=== REQUIRED ACTION ===
Instruction for the entries that follow: retype exactly the lines from the line with "Truc Hoang Ha" to the line with "Rio das Ostras", both included, and omit all others.

=== WORKING DATA ===

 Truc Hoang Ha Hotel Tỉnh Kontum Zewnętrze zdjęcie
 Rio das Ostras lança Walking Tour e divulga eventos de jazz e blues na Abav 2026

* * *

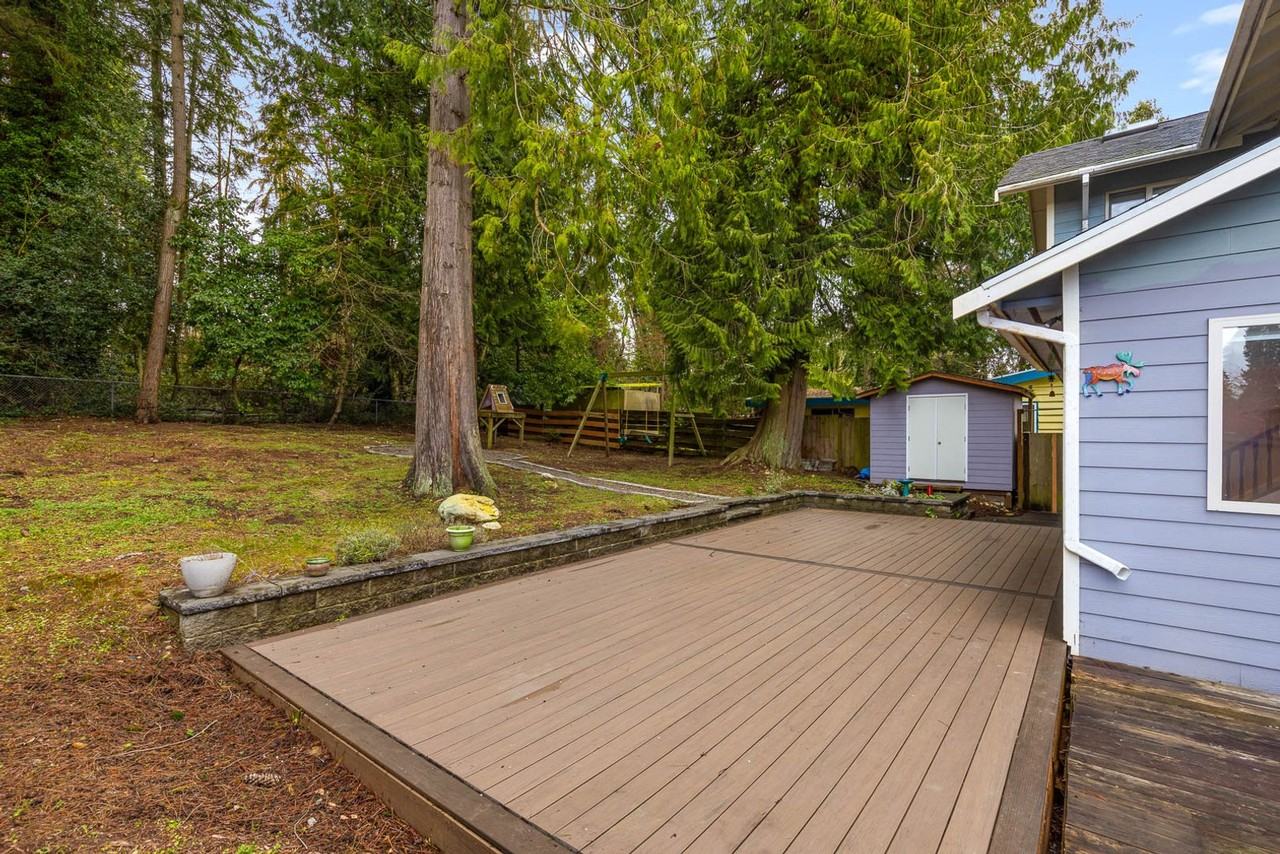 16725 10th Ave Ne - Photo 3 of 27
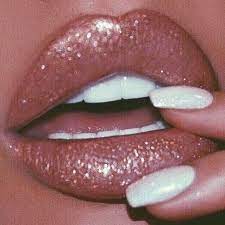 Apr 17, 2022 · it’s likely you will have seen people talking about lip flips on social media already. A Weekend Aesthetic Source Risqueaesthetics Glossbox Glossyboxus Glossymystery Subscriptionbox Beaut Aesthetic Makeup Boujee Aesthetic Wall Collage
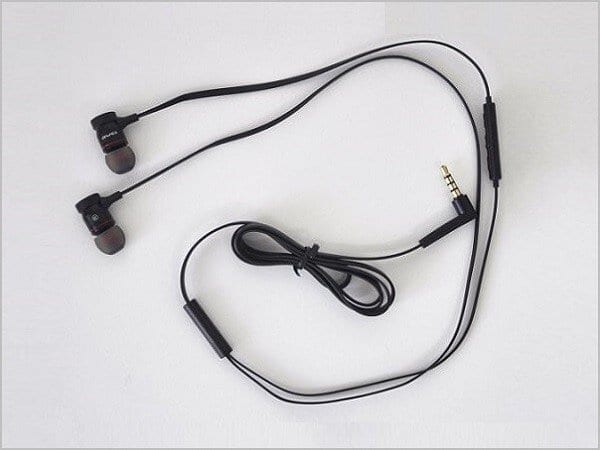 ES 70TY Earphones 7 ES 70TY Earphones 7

==

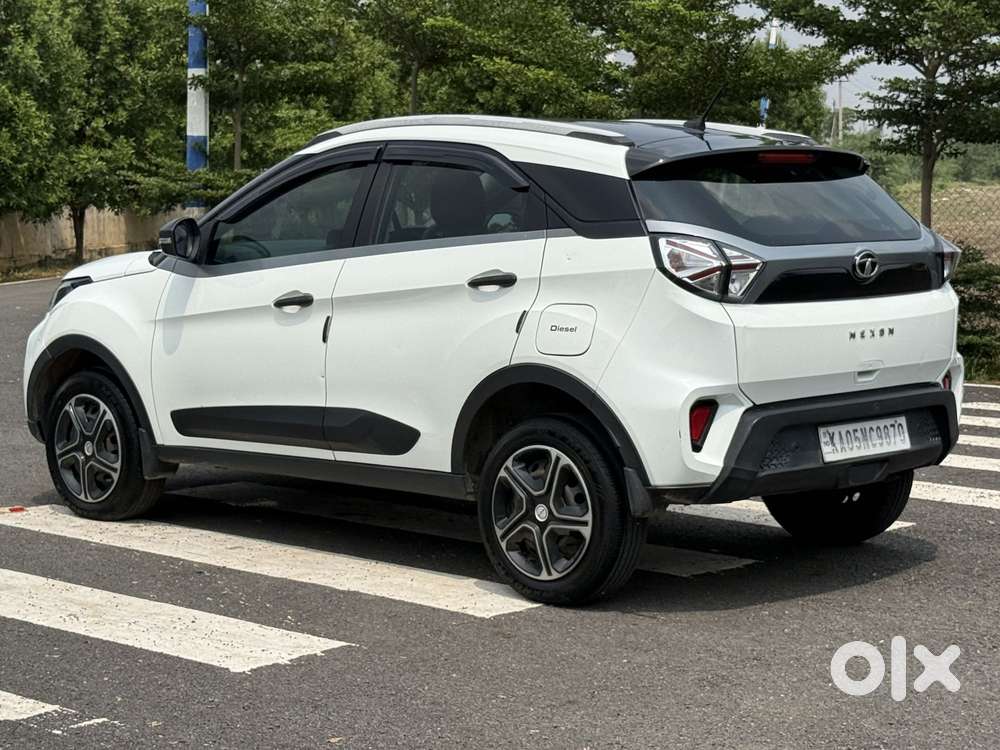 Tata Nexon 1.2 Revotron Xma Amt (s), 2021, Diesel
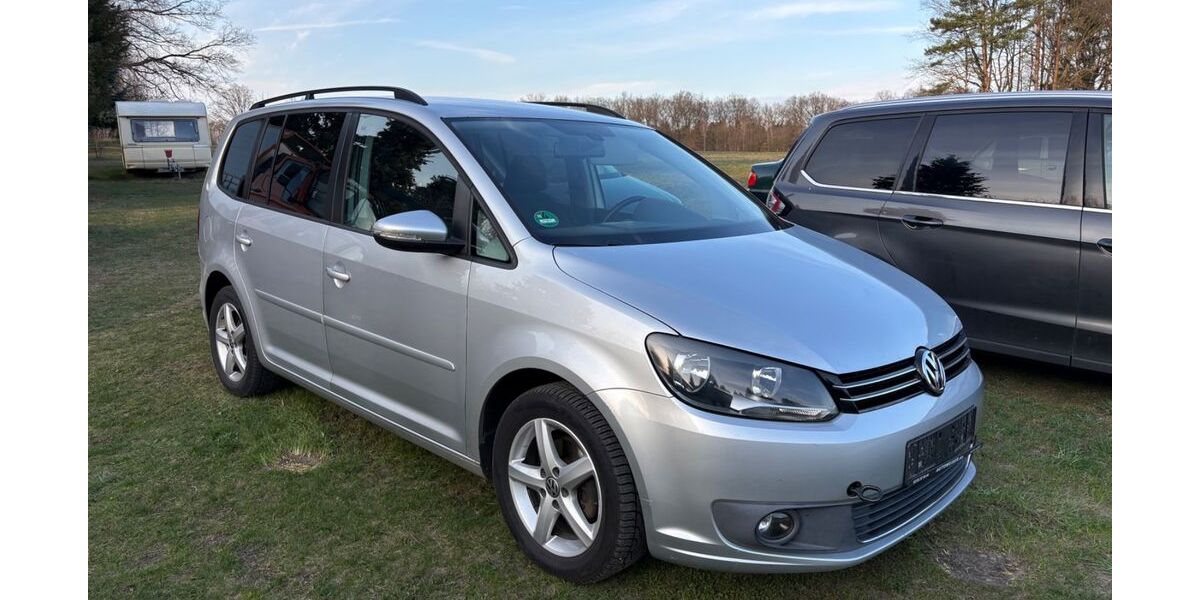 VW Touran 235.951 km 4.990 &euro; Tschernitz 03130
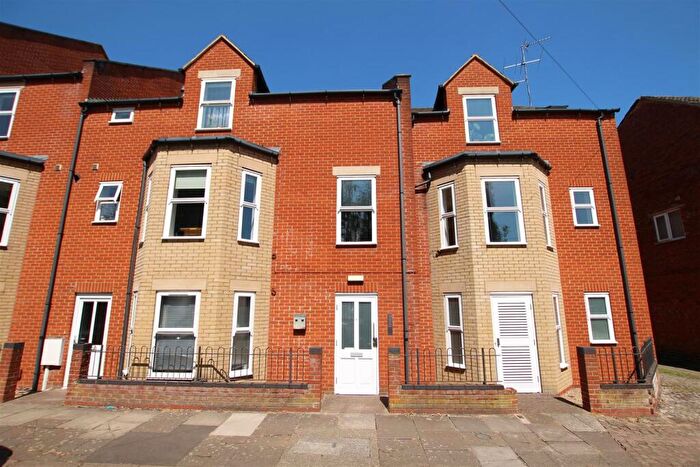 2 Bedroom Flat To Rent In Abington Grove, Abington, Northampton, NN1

=== RESPONSE AREA ===
 Truc Hoang Ha Hotel Tỉnh Kontum Zewnętrze zdjęcie
 Rio das Ostras lança Walking Tour e divulga eventos de jazz e blues na Abav 2026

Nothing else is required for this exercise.